• **WHAT IS EXPECTED**
Starting at the first entry below, repeat all the data word for word and drop the pictures.

· · ·

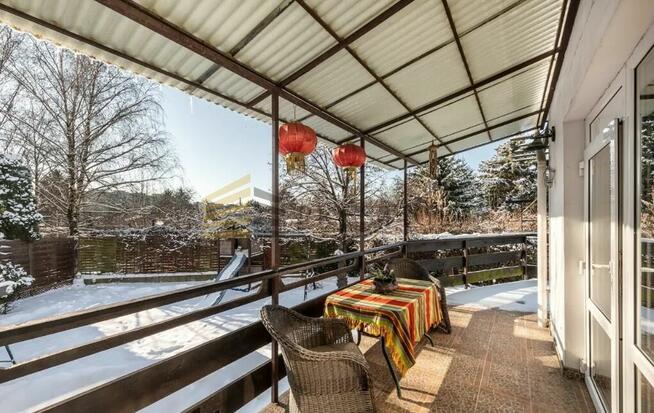 Dom Warszawa Ochota, Szczęśliwice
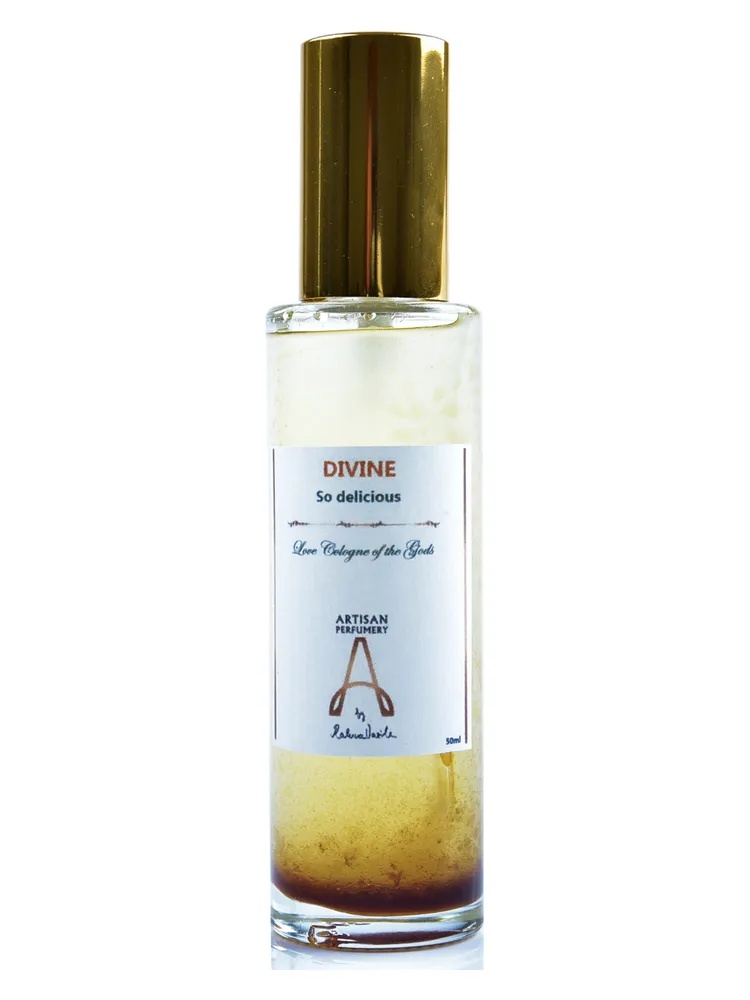 Divine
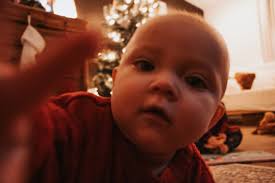 One month with my baby girl. It's insane how much life has happened in such  a short amount of time. Most recently we've been recovering from her  surgery for her tongue and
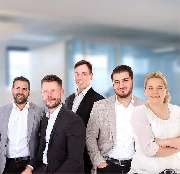 SIGNAL IDUNA Versicherung Sima Finanz GmbH - Versicherungsagentur - Unser Team – Generalagentur Sima Finanz GmbH – Versicherung in Calw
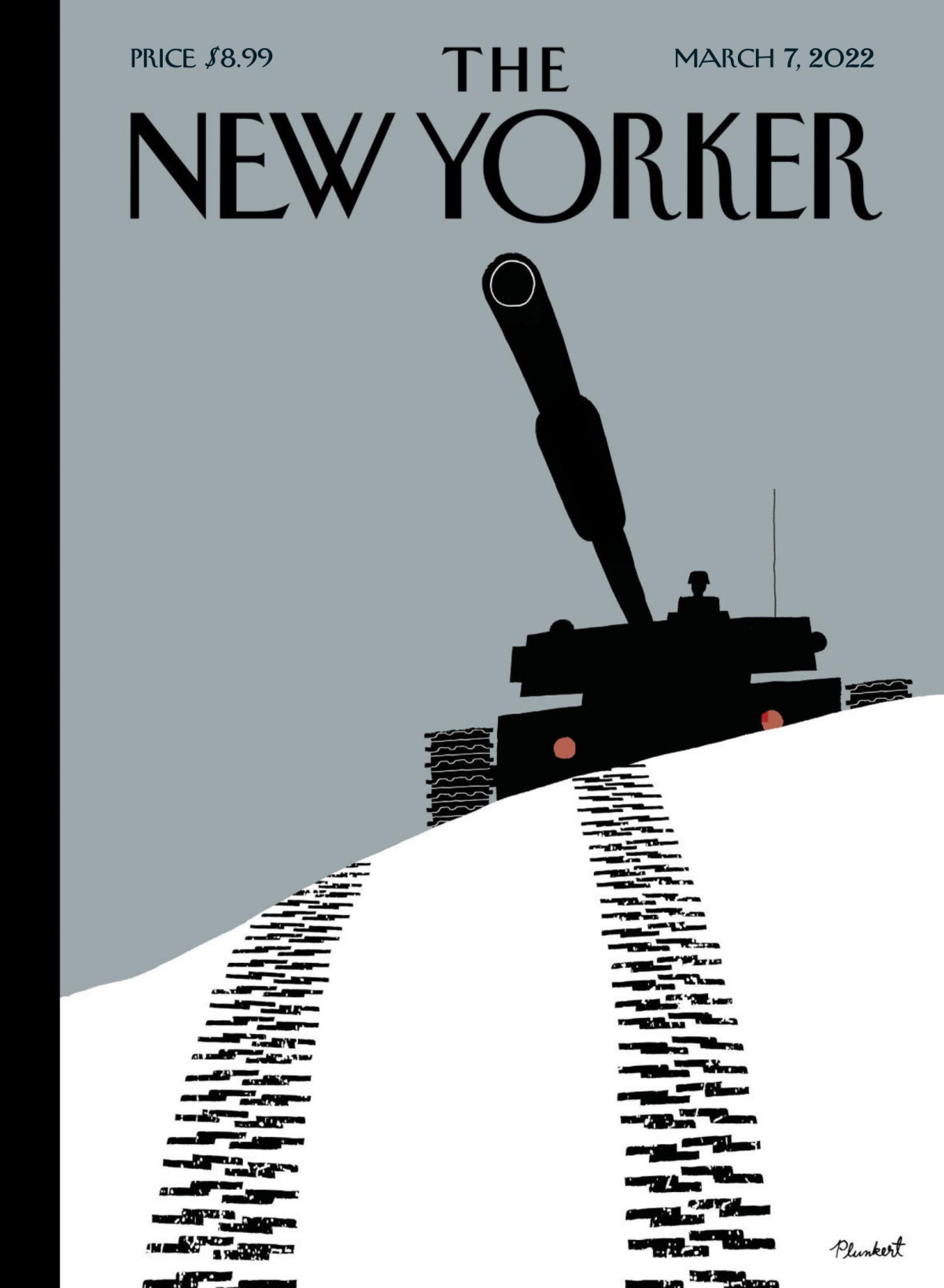 The New Yorker20220307 Mar 07 2022 The New Yorker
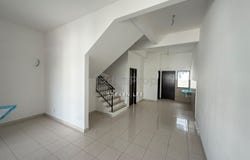 Jalan Anggerik 4, Rawang, Selangor 48300
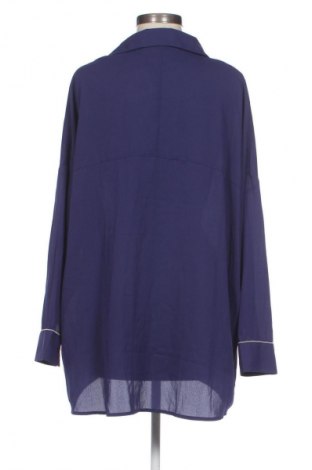Damen Shirt Pm, Größe XXL, Farbe Blau, Preis € 9,70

· · ·

• **EXERCISE SOLUTION**
 Dom Warszawa Ochota, Szczęśliwice
 Divine
 One month with my baby girl. It's insane how much life has happened in such  a short amount of time. Most recently we've been recovering from her  surgery for her tongue and
 SIGNAL IDUNA Versicherung Sima Finanz GmbH - Versicherungsagentur - Unser Team – Generalagentur Sima Finanz GmbH – Versicherung in Calw
 The New Yorker20220307 Mar 07 2022 The New Yorker
 Jalan Anggerik 4, Rawang, Selangor 48300
Damen Shirt Pm, Größe XXL, Farbe Blau, Preis € 9,70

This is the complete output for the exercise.